That journey brought them to Pond Inlet last year and now Chesterfield Inlet in 2022.

With Remple goes his video skills and YouTube channel. Though he grew up in the south, he’s familiar with small towns and knows “there’s good everywhere you go” and thought the positive aspects of the North deserved more airtime. Now he uses his platform to show off each community he’s in, record traditional activities and help southerners get to know what the North is truly like. Plus, he gets to show how different running a small store in the North is compared to a big retail outlet in the south.

His North West Company playlist on YouTube has 72 videos and growing. So now when southerners look up Chesterfield Inlet online, they will see the store, the community and it will all seem more familiar to city dwellers, he said.

“There are beautiful people up here, wonderful families, good groups, support programs, people working, advancing and moving forward,” he said.

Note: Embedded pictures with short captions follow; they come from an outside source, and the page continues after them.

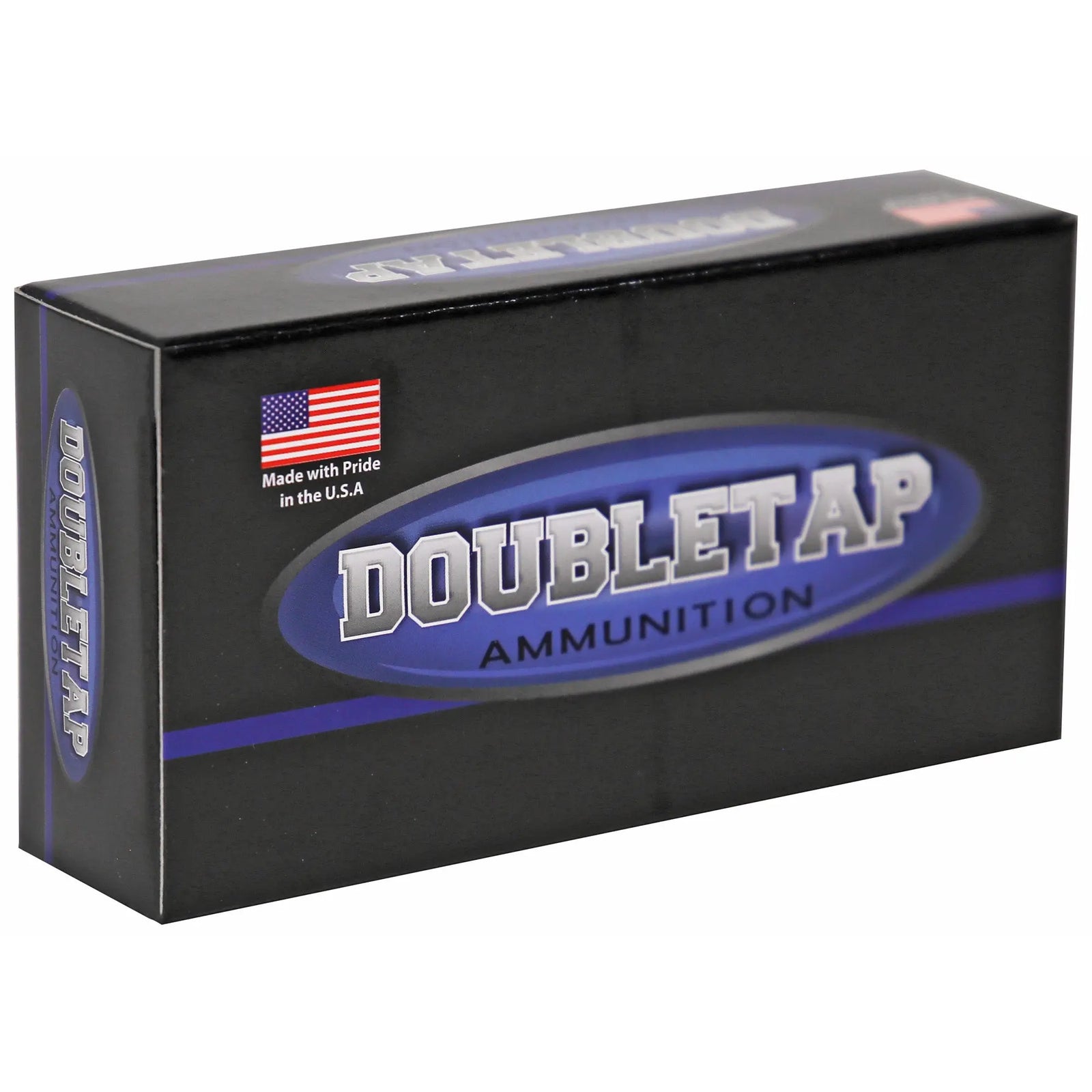 DBLTAP 9MM 115GR FMJ 50/1000 - American Ordnance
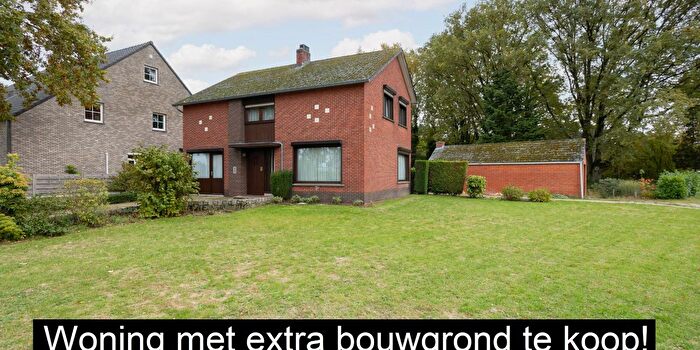 Maison 4 pièces à vendre à Zwamstraat, Overpelt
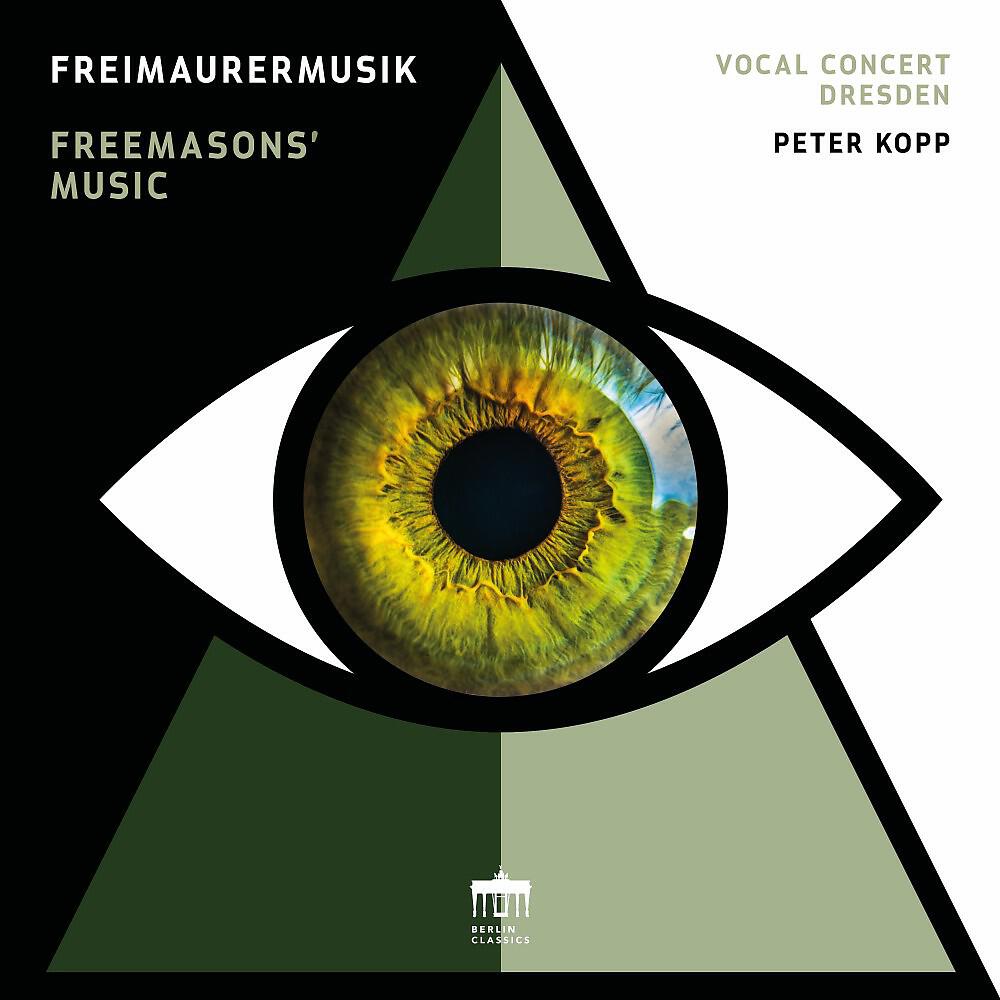 Falk Hoffmann - Musique Till andra Graden uti frimureriet: I. 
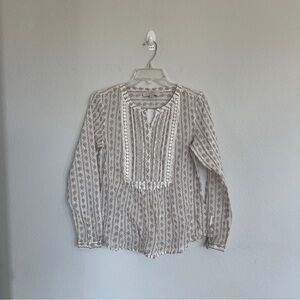Ann Taylor LOFT Blouse Size XS NWT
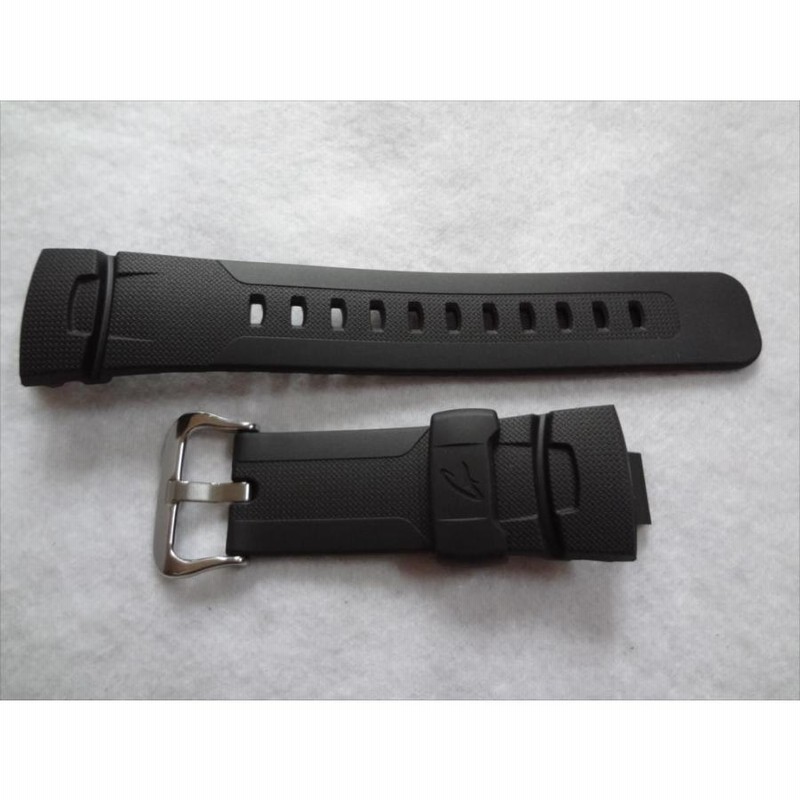 カシオ [CASIO] G-SHOCK <br>GW-1600TDJ用チタン製バンド（ベルト 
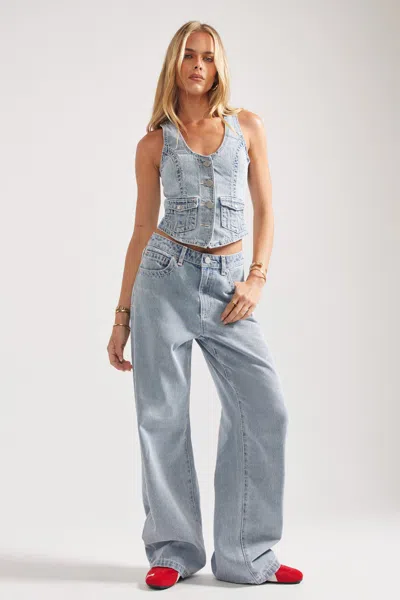 Abrand Jeans Us 95 Mid Baggy Avril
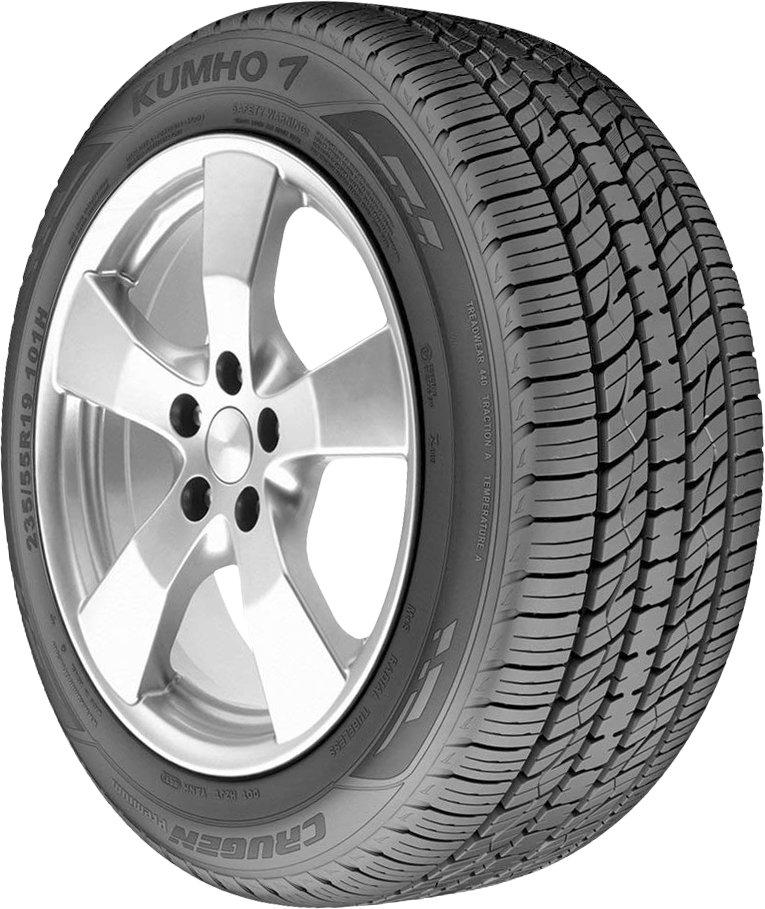 Kumho KL33 Crugen Premium 235/55R19 all-season tire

For Remple, polar night in Pond Inlet was something to get used to.

“You didn’t know whether it was 2 in the afternoon or 2 in the morning,” he said, adding that the community was very friendly and welcoming.

He was also fascinated to document and learn more about traditional hunting, fishing and trapping in Pond Inlet.

“I’m really happy to be able to shine a light on that,” he said. “People are still living close to their traditions and living off of the land. I think that’s an important thing for people in the south to know.”

For any southerners reading this and thinking of going North, Remple couldn’t talk up the Northwest Company enough for its willingness to train and accommodate staff.

“I tell you, in the North, it’ll challenge you,” he said. “That’s for sure. There’s always more challenges than there are in the South. It’s always exciting. It’s always an adventure. So hard work and good attitude people, join up. There’s lots of work to be done.”

Managing a store in a small community also gives him a unique opportunity to be a central figure in the community rather than a faceless retail manager, like one might be in the south.

“This kind of job will bring you much more personal satisfaction and meaning when you have that ability where you can see the effect that you’re making on people,” he said.

So if you see a smiling, bearded man with a camera in hand in your community, it might be Remple. He wants you to know he’d love to meet you, do interviews, go out on the land and just be part of the Northern culture, for however long he’s in town.

His YouTube channel can be found under the name Spencer Remple.